Would you restate the entries below word for word, leaving out the images?

Stored data:
┏━━
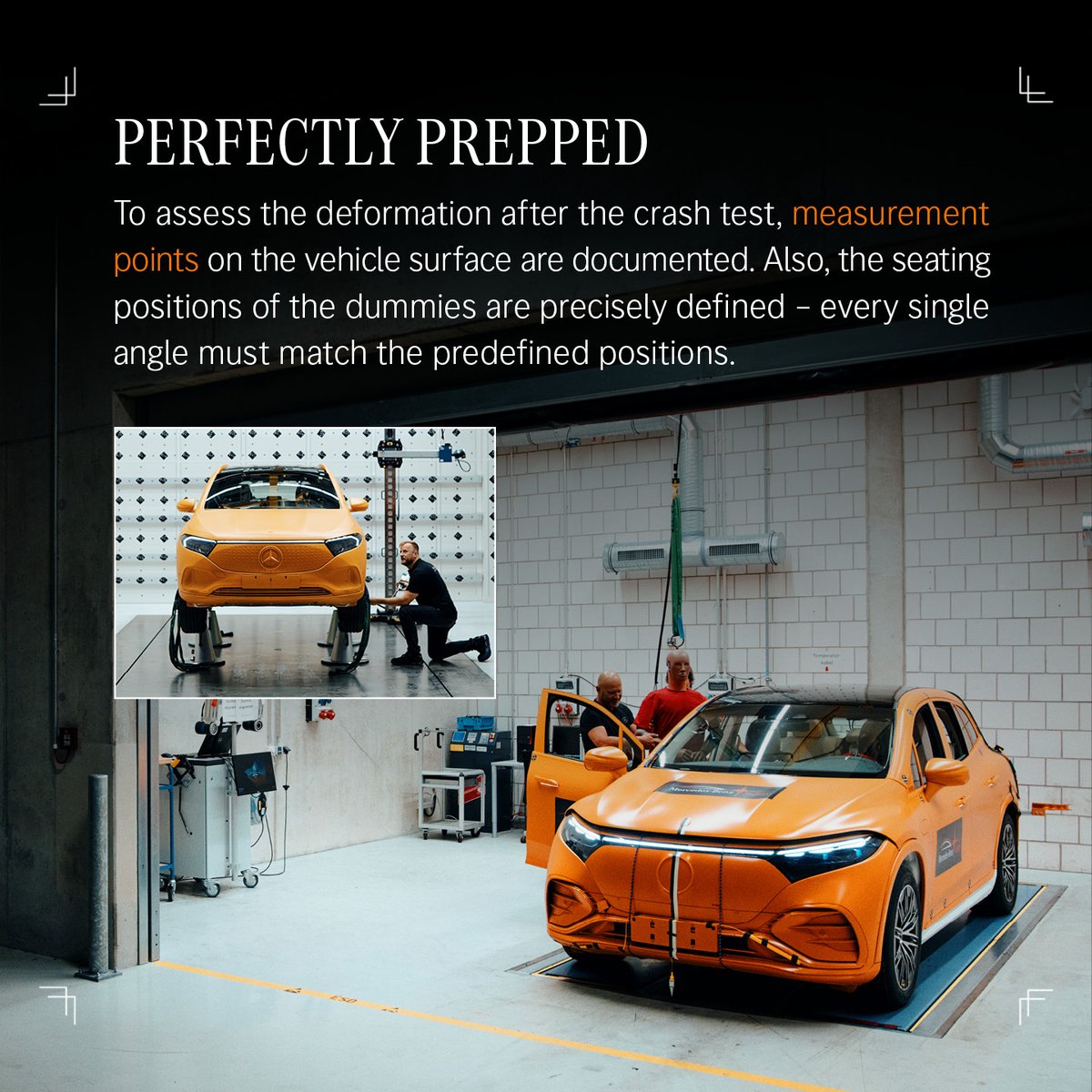 MercedesBenz's tweet photo. While a crash test itself only takes a few fractions of a second, the preparation and follow-up take much more time. Time that we gladly invest to save lives.

#MercedesBenz #AllForSafety #Safety #VehicleSafety #Innovation #Technology #CrashTest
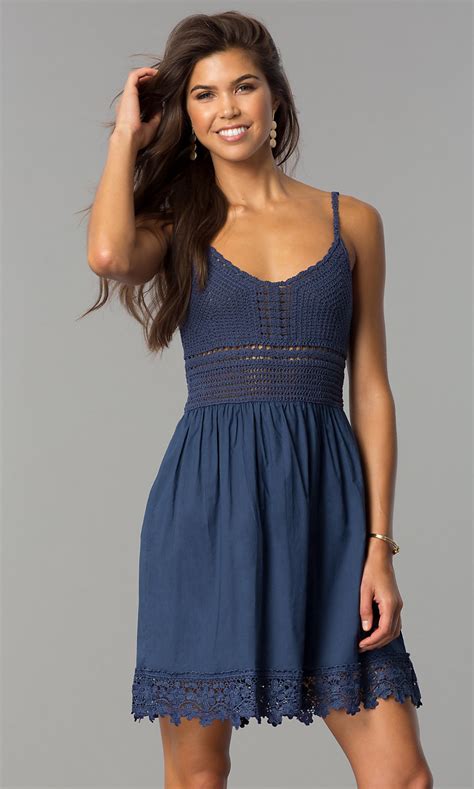 Short Casual Dress With Crocheted Bodice Promgirl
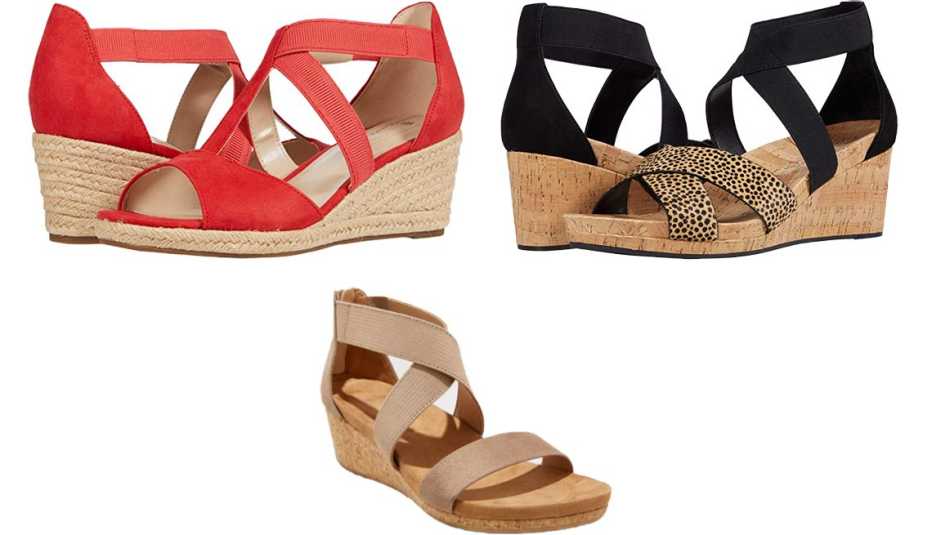 (De arriba, a la izq., en sentido de las agujas del reloj) Cuñas Bandolino Novena 2 en color chile; cuñas Sole Society Kimlee en color negro/marrón claro; cuñas de corcho con microgamuza Universal Thread Women's Brita en color topo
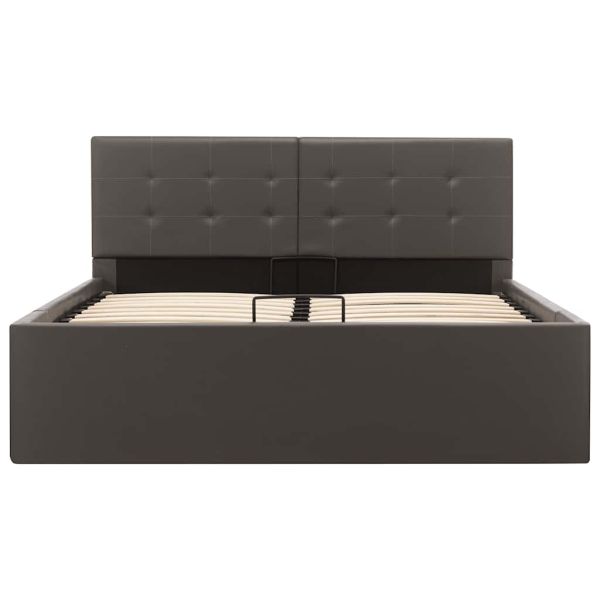 Легло с повдигащ механизъм, сиво, изкуствена кожа, 120x200 cм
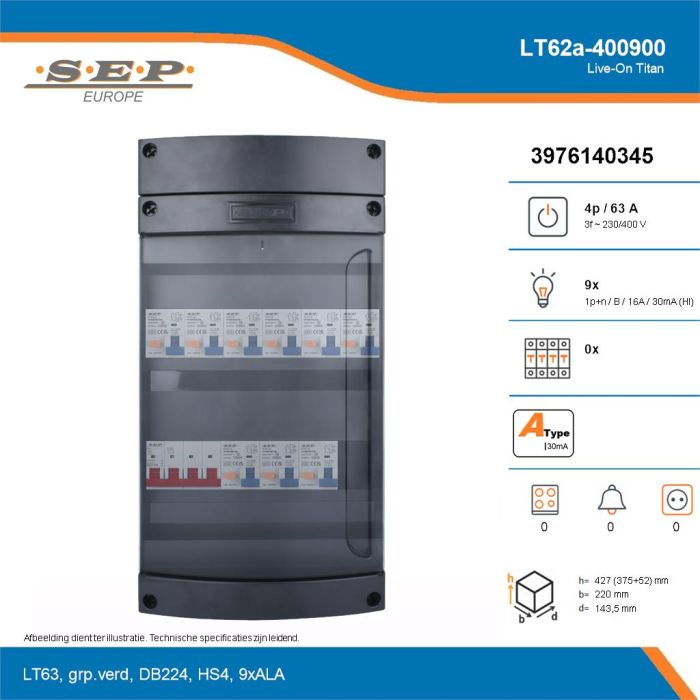 SEP Live-On Titan, LT62a-400900, 63A, 3-fase groepenkast, 9-lichtgroepen, technische details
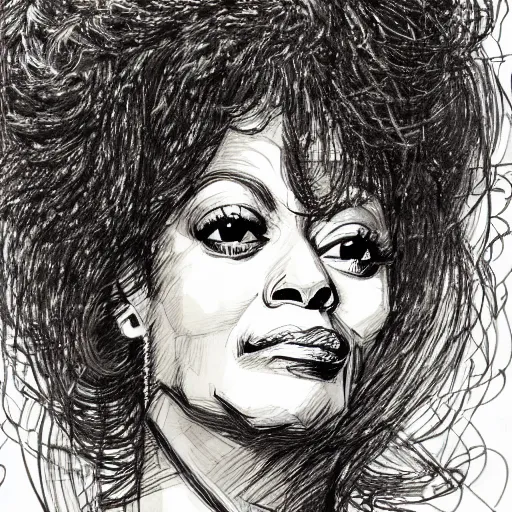 Image similar to a realistic yet scraggly portrait sketch of the side profile of a stern and sophisticated diana ross, trending on artstation, intricate details, in the style of frank auerbach, in the style of sergio aragones, in the style of martin ansin, in the style of david aja, in the style of mattias adolfsson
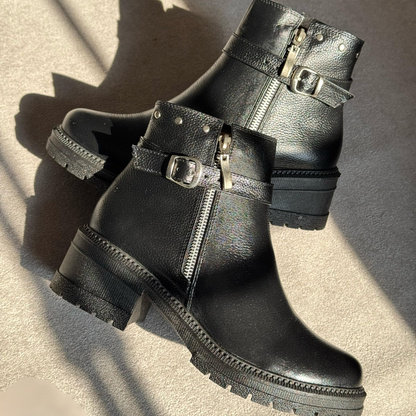 Botines Mujer Urban Style con Cremallera y Hebilla – Plataforma Baja Antideslizante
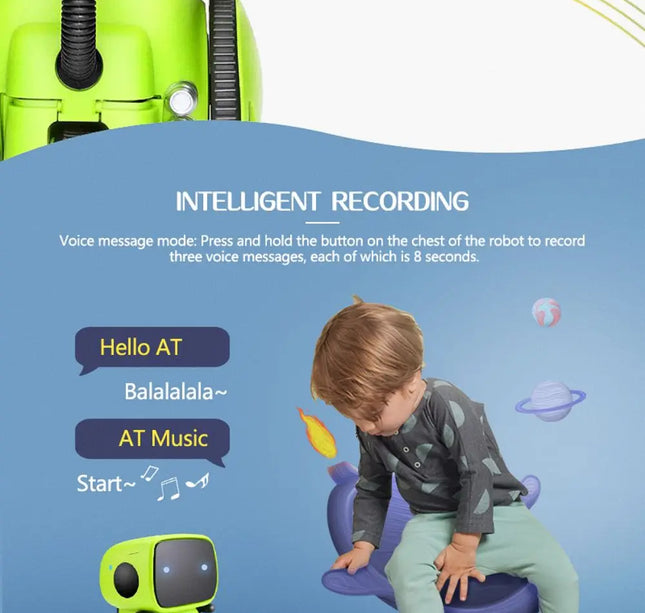 Intelligent RC Robot Toy – Interactive Voice & Touch Control with Russian, English & Spanish Versions for Educational Play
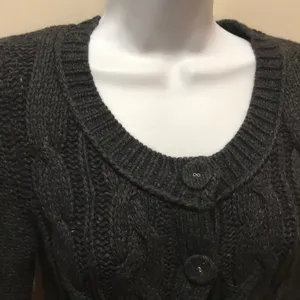 American Eagle short sleeve fisherman sweater matte black M vintage thumbnail 2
┗━━
Reply to the exercise ▸
 MercedesBenz's tweet photo. While a crash test itself only takes a few fractions of a second, the preparation and follow-up take much more time. Time that we gladly invest to save lives.

#MercedesBenz #AllForSafety #Safety #VehicleSafety #Innovation #Technology #CrashTest
 Short Casual Dress With Crocheted Bodice Promgirl
 (De arriba, a la izq., en sentido de las agujas del reloj) Cuñas Bandolino Novena 2 en color chile; cuñas Sole Society Kimlee en color negro/marrón claro; cuñas de corcho con microgamuza Universal Thread Women's Brita en color topo
 Легло с повдигащ механизъм, сиво, изкуствена кожа, 120x200 cм
 SEP Live-On Titan, LT62a-400900, 63A, 3-fase groepenkast, 9-lichtgroepen, technische details
 Image similar to a realistic yet scraggly portrait sketch of the side profile of a stern and sophisticated diana ross, trending on artstation, intricate details, in the style of frank auerbach, in the style of sergio aragones, in the style of martin ansin, in the style of david aja, in the style of mattias adolfsson
 Botines Mujer Urban Style con Cremallera y Hebilla – Plataforma Baja Antideslizante
 Intelligent RC Robot Toy – Interactive Voice & Touch Control with Russian, English & Spanish Versions for Educational Play
 American Eagle short sleeve fisherman sweater matte black M vintage thumbnail 2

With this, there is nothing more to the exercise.